It's been a long hard road to get back to how I was last year before christmas. I was focused, controlled, motivated and enthusiastic back then. Feelings I haven't felt in a couple months.
I feel my mojo is coming back though. Slowly, but it is. Funny enough TV watching has actually helped. Watching shows like the biggest loser and the new A&E show Heavy have helped greatly. They made me realize, I don't have a choice but to go forward. IF I don't, I know I'll gain this weight back and gain 50 pounds more. That is my reality.

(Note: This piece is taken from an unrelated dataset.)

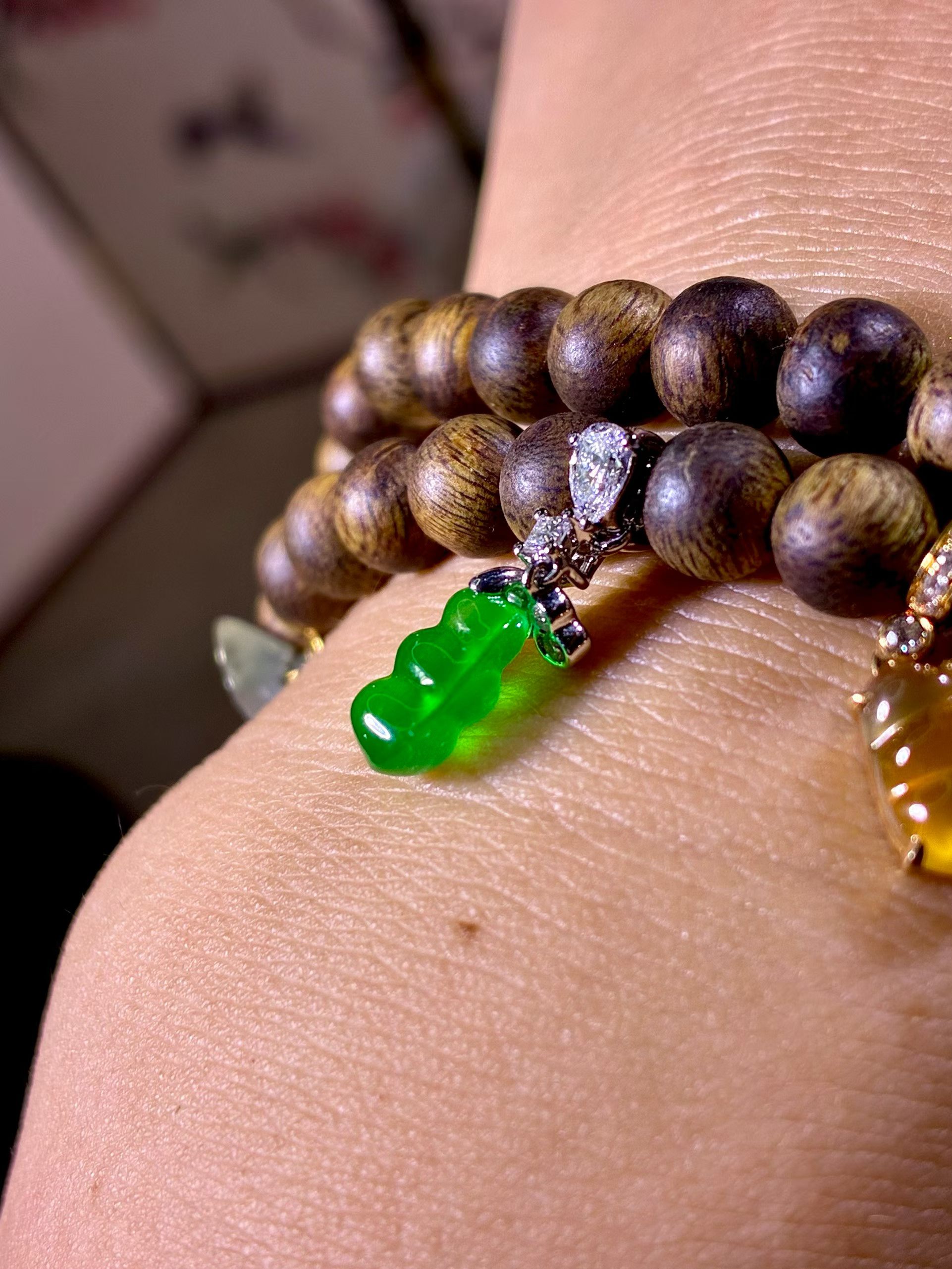 Glassy Vivid Yang Green Jadeite Fu Dou (The Chinese Four-Season Bean) view 5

Lately I feel I have been going backwards with regards to my weight loss and personal life. I have ate out a bit too much and I've opened a book that I thought was closed long ago with someone. ugh... weak moments do not result in good outcomes. January hasn't been the greatest month, and I am the first to admit that. I'm not motivating others or inspiring others like perhaps I once did and for the first time ever, I've thought about shutting down this blog. I'm not going to though, as this blog needs to see me finally succeed. I owe it that much. I know I have it in me to reach my goals related to weight loss, just like I had it in me to reach my goals to finish school, buy a house on my own, and even buy Joelle. I have it in me dammit! I just need to wrap my brain around the idea that I CAN do this. When watching HEAVY last night, the guy said something that struck a cord. He said something to the affect of, I don't let anything else get in my way of what I want, so why the hell do I let my weight? Good question!
I need to get back to exercising regularly and cooking more. These are what I'll work on going forward, and hopefully results will show on the scale. I want to be around the 200lb mark for my 32nd Birthday in June. I know I can do it if I just stay focused and keep my head in the game. I know I can, so it's about I did!